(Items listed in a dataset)
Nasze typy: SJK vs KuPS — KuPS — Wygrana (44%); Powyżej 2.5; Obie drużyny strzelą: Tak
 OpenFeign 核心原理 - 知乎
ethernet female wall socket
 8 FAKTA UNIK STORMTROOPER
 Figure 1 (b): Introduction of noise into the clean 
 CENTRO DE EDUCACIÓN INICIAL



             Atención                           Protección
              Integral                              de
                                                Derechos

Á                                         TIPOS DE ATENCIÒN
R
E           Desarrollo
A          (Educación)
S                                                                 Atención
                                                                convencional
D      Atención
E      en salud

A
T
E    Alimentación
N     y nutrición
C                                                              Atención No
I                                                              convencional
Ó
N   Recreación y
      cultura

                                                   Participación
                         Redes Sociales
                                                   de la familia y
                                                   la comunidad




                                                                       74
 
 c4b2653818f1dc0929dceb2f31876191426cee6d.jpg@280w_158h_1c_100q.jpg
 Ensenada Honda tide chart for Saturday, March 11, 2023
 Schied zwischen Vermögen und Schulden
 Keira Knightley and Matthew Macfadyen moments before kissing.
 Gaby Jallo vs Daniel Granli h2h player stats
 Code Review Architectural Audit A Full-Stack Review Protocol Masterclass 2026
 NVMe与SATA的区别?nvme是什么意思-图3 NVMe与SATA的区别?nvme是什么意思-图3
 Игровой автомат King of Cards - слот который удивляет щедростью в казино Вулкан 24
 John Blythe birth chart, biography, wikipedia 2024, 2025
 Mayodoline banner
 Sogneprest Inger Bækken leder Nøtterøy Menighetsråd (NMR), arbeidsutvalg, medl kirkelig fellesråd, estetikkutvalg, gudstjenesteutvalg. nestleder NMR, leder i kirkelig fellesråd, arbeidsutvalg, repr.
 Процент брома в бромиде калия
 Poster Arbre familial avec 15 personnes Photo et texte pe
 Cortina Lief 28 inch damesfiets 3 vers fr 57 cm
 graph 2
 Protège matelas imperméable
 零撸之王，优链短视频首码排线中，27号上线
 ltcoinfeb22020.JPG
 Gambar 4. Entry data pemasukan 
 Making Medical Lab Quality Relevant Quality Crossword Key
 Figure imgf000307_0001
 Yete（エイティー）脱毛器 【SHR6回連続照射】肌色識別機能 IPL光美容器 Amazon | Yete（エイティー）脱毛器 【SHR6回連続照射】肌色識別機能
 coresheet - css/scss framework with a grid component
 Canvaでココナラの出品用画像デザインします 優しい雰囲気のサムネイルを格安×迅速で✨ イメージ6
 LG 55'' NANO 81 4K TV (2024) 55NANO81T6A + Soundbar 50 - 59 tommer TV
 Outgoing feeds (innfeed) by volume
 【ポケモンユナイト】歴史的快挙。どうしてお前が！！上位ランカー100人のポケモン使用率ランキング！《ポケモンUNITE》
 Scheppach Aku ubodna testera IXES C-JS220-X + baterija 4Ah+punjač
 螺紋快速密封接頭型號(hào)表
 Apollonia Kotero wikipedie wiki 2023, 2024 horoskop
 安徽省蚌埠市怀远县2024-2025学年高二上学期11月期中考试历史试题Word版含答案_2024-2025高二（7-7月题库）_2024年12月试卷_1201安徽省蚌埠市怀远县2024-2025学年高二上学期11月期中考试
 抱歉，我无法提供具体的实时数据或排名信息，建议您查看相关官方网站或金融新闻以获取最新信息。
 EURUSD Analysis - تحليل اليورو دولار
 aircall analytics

**EXERCISE INSTRUCTIONS**
Repeat the whole of the data verbatim, as it reads above.

**PROBLEM SOLUTION**
Nasze typy: SJK vs KuPS — KuPS — Wygrana (44%); Powyżej 2.5; Obie drużyny strzelą: Tak
 OpenFeign 核心原理 - 知乎
ethernet female wall socket
 8 FAKTA UNIK STORMTROOPER
 Figure 1 (b): Introduction of noise into the clean 
 CENTRO DE EDUCACIÓN INICIAL



             Atención                           Protección
              Integral                              de
                                                Derechos

Á                                         TIPOS DE ATENCIÒN
R
E           Desarrollo
A          (Educación)
S                                                                 Atención
                                                                convencional
D      Atención
E      en salud

A
T
E    Alimentación
N     y nutrición
C                                                              Atención No
I                                                              convencional
Ó
N   Recreación y
      cultura

                                                   Participación
                         Redes Sociales
                                                   de la familia y
                                                   la comunidad




                                                                       74
 
 c4b2653818f1dc0929dceb2f31876191426cee6d.jpg@280w_158h_1c_100q.jpg
 Ensenada Honda tide chart for Saturday, March 11, 2023
 Schied zwischen Vermögen und Schulden
 Keira Knightley and Matthew Macfadyen moments before kissing.
 Gaby Jallo vs Daniel Granli h2h player stats
 Code Review Architectural Audit A Full-Stack Review Protocol Masterclass 2026
 NVMe与SATA的区别?nvme是什么意思-图3 NVMe与SATA的区别?nvme是什么意思-图3
 Игровой автомат King of Cards - слот который удивляет щедростью в казино Вулкан 24
 John Blythe birth chart, biography, wikipedia 2024, 2025
 Mayodoline banner
 Sogneprest Inger Bækken leder Nøtterøy Menighetsråd (NMR), arbeidsutvalg, medl kirkelig fellesråd, estetikkutvalg, gudstjenesteutvalg. nestleder NMR, leder i kirkelig fellesråd, arbeidsutvalg, repr.
 Процент брома в бромиде калия
 Poster Arbre familial avec 15 personnes Photo et texte pe
 Cortina Lief 28 inch damesfiets 3 vers fr 57 cm
 graph 2
 Protège matelas imperméable
 零撸之王，优链短视频首码排线中，27号上线
 ltcoinfeb22020.JPG
 Gambar 4. Entry data pemasukan 
 Making Medical Lab Quality Relevant Quality Crossword Key
 Figure imgf000307_0001
 Yete（エイティー）脱毛器 【SHR6回連続照射】肌色識別機能 IPL光美容器 Amazon | Yete（エイティー）脱毛器 【SHR6回連続照射】肌色識別機能
 coresheet - css/scss framework with a grid component
 Canvaでココナラの出品用画像デザインします 優しい雰囲気のサムネイルを格安×迅速で✨ イメージ6
 LG 55'' NANO 81 4K TV (2024) 55NANO81T6A + Soundbar 50 - 59 tommer TV
 Outgoing feeds (innfeed) by volume
 【ポケモンユナイト】歴史的快挙。どうしてお前が！！上位ランカー100人のポケモン使用率ランキング！《ポケモンUNITE》
 Scheppach Aku ubodna testera IXES C-JS220-X + baterija 4Ah+punjač
 螺紋快速密封接頭型號(hào)表
 Apollonia Kotero wikipedie wiki 2023, 2024 horoskop
 安徽省蚌埠市怀远县2024-2025学年高二上学期11月期中考试历史试题Word版含答案_2024-2025高二（7-7月题库）_2024年12月试卷_1201安徽省蚌埠市怀远县2024-2025学年高二上学期11月期中考试
 抱歉，我无法提供具体的实时数据或排名信息，建议您查看相关官方网站或金融新闻以获取最新信息。
 EURUSD Analysis - تحليل اليورو دولار
 aircall analytics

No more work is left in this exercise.